**What needs to be done**: With the pictures excluded, retype the records that follow exactly.

[Saved entries]

+--

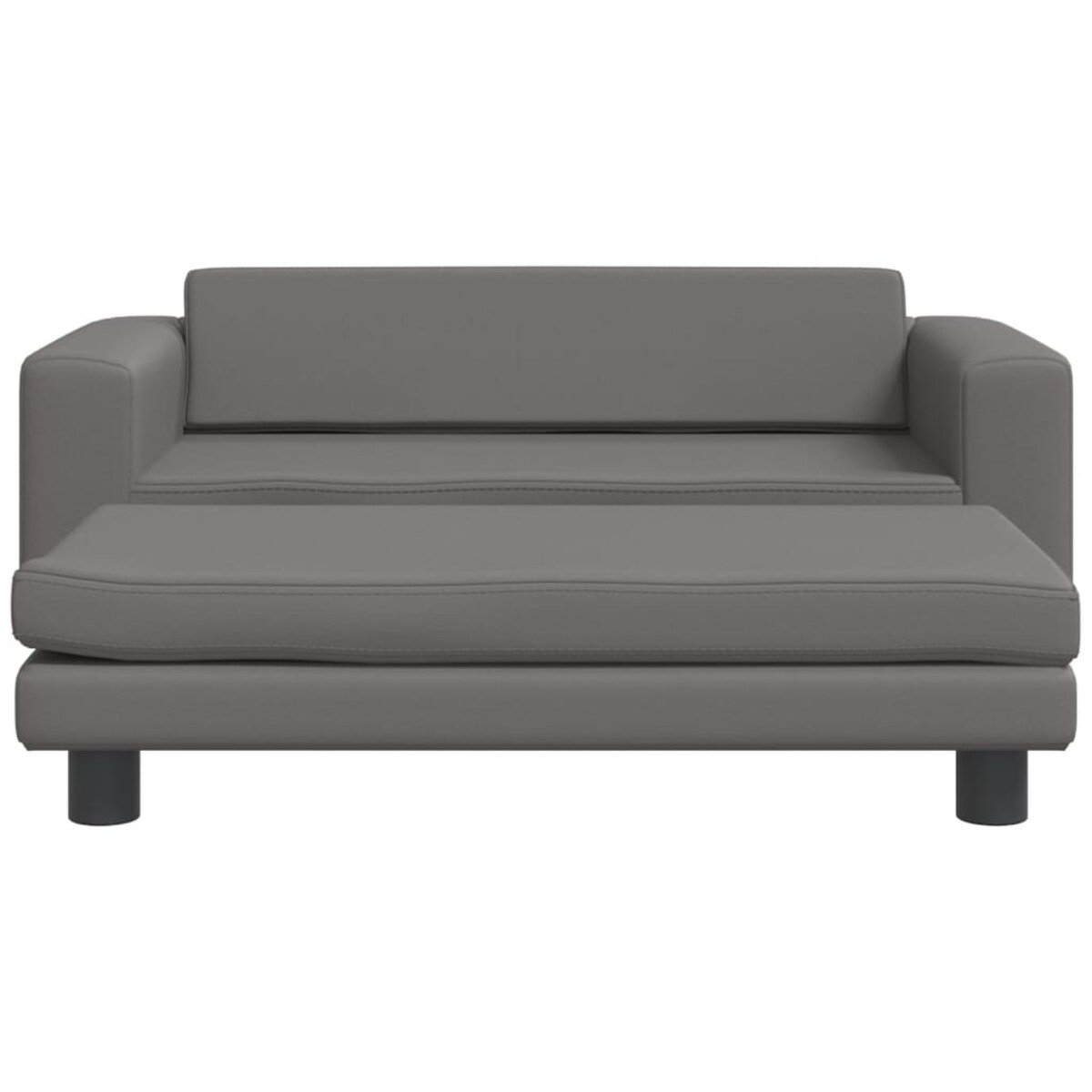 vidaXL Sofa dziecięca z podnóżkiem, szara, 100x50x30 cm, ekoskóra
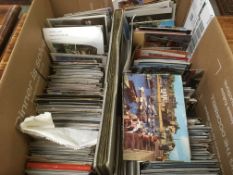 BOX OF OLD TO MODERN POSTCARDS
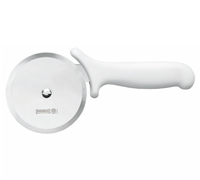 Mundial 4-Inch Stainless Steel Pizza Cutter with White Polypropylene Handle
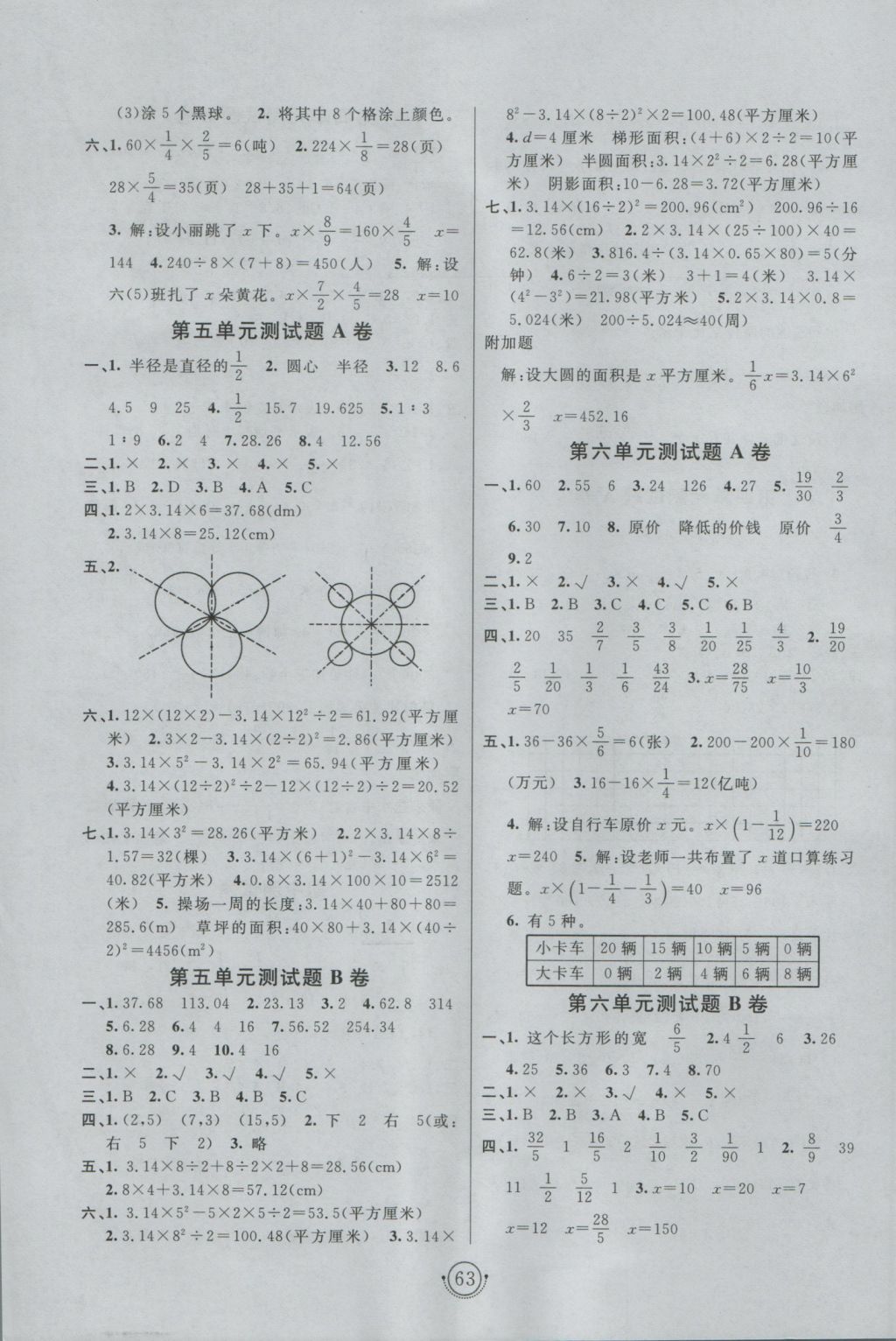 2016年海淀单元测试AB卷六年级数学上册青岛版 参考答案第3页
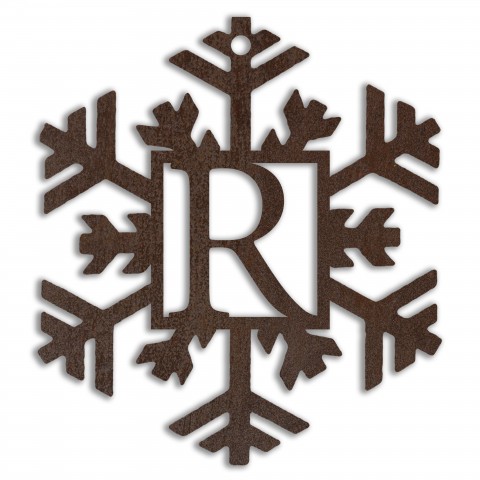 Monogram Snowflake Personalized 4 x 4 Copper Metal Ornament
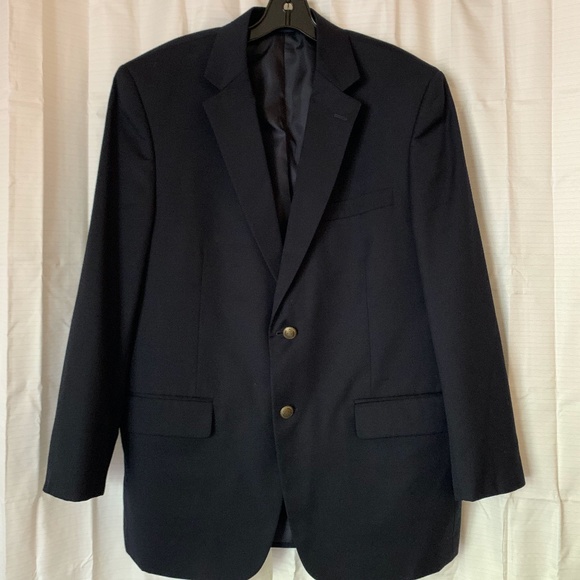 PBM Black Wool 2 Button Sport Coat Blazer, Size 42R - Picture 1 of 10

+--

**Solved exercise**:
 vidaXL Sofa dziecięca z podnóżkiem, szara, 100x50x30 cm, ekoskóra
 BOX OF OLD TO MODERN POSTCARDS
 Mundial 4-Inch Stainless Steel Pizza Cutter with White Polypropylene Handle
 2016年海淀单元测试AB卷六年级数学上册青岛版 参考答案第3页
 Monogram Snowflake Personalized 4 x 4 Copper Metal Ornament
 PBM Black Wool 2 Button Sport Coat Blazer, Size 42R - Picture 1 of 10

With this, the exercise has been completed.